How Purpose can galvanize employees

 

My first boss taught me the importance of Purpose.

She was a determined woman who taught me that Purpose is multi-faceted. It’s owned by the people that work with you and for you. It’s not owned by the organisation, brand or plc.

The woman in question was Anita Roddick, famed for her stand on animal testing and latterly, the environment, sustainable business, fair trade and then domestic violence.

Long before Google trumpeted ‘Don’t be evil’ as part of its corporate motto, firms like The Body Shop and Lush were creating business models dedicated to the pursuit of social and environmental change.

That mantra attracted a great many customers and employees alike, and as an organising thought it meant the business stood out.

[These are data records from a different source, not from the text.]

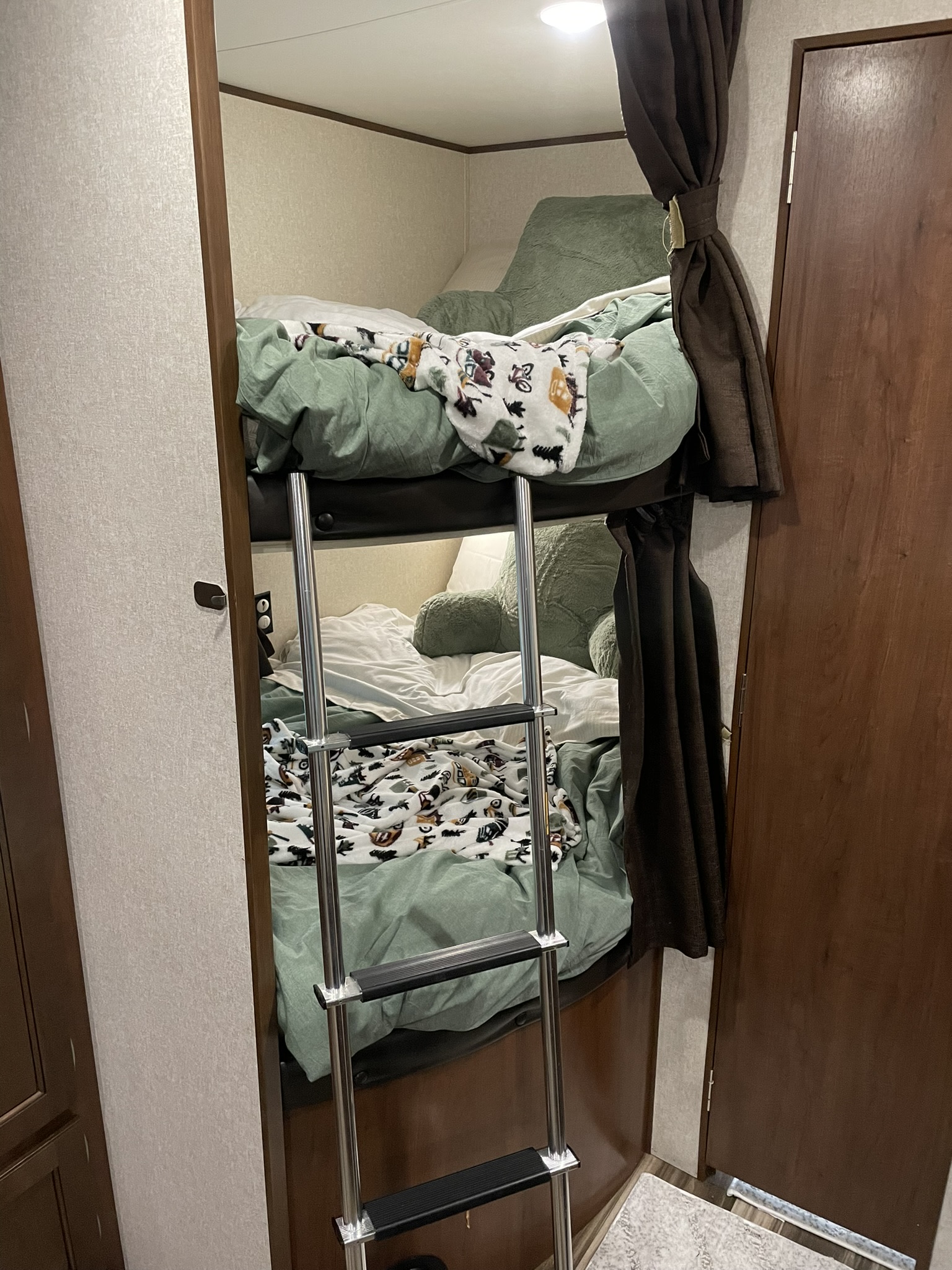 An RV rental's interior shows stacked bunk beds with a ladder, green bedding, and patterned throw blankets.. Jayco Jay Flight SLX 2017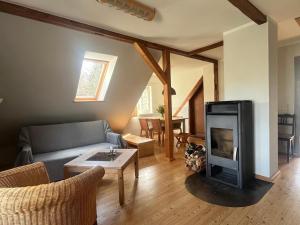 a living room with a couch and a fireplace at Haus Prälank in Neustrelitz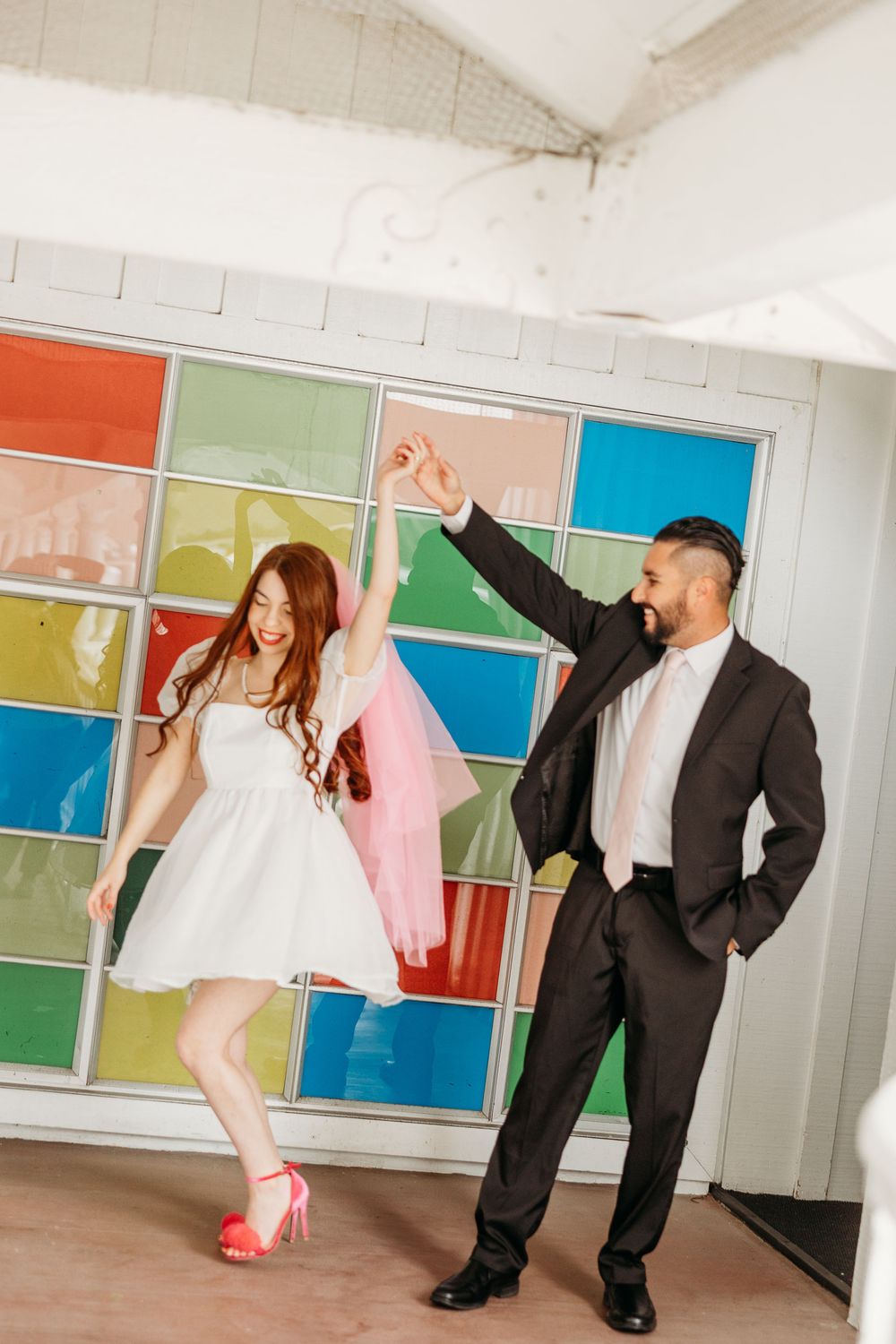 Two people dance joyfully in front of a colorful wall with geometric patterns at their wedding celebration.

But the value of a business’s Purpose is truly brought into perspective and gets tested when it is attacked. It’s at points like these that we discover how far the genuine purpose of an organisation lives in the hearts and minds of employees. In the early 1990s, journalist Jon Entine and Channel 4 programme Dispatches aimed numerous allegations at The Body Shop, all of which were subsequently found to be untrue. The claims focused on the cornerstone of the business, its animal testing policy. One would have expected many of the employees that had joined the business for this very reason to be up in arms, and they were, but I also observed other fervent protest from very different areas.

The Body Shop was, and still is, headquartered in Littlehampton, West Sussex (Anita Roddick’s home town). In the early 1990s, it was the biggest local business by far. She believed in the pride and empowerment of local communities. When The Body Shop wanted to open its own soap factory, it settled on Easterhouse in Glasgow. Like Littlehampton, it suffered from underinvestment and a lack of what we would today call social mobility. Where other businesses would refuse to open, The Body Shop saw that it could make a huge difference to the local economy.

All this meant much to the values of The Body Shop, but even more to its survival when under media attack. Unless those campaigns were integral to an individual’s own values, it would be hard for some workers to get too excited by the furore.

But fight they did. What those workers had seen – unseen by the public and media – was a genuine commitment to local communities and to job creation. For those on the production line, the purpose of the business went far deeper than that of a campaigning organisation. It was a business where the founders and leaders were well known and made themselves accessible; for whom the pursuit of social change meant connecting with people in a very real sense.

Don’t pick a fight with an employee body that can see its company living its values every day. Picking a fight risks an onslaught of counter-campaigning from employees. In this case, unstoppable and successful.

For employees, Purpose goes way beyond the grand and important claims, e.g. saving the planet; creating the best technology, etc. It affects every deed and action – the micro-elements of culture as well as the macro-actions delivered for customers. Purpose is everything. Purpose is lived every day.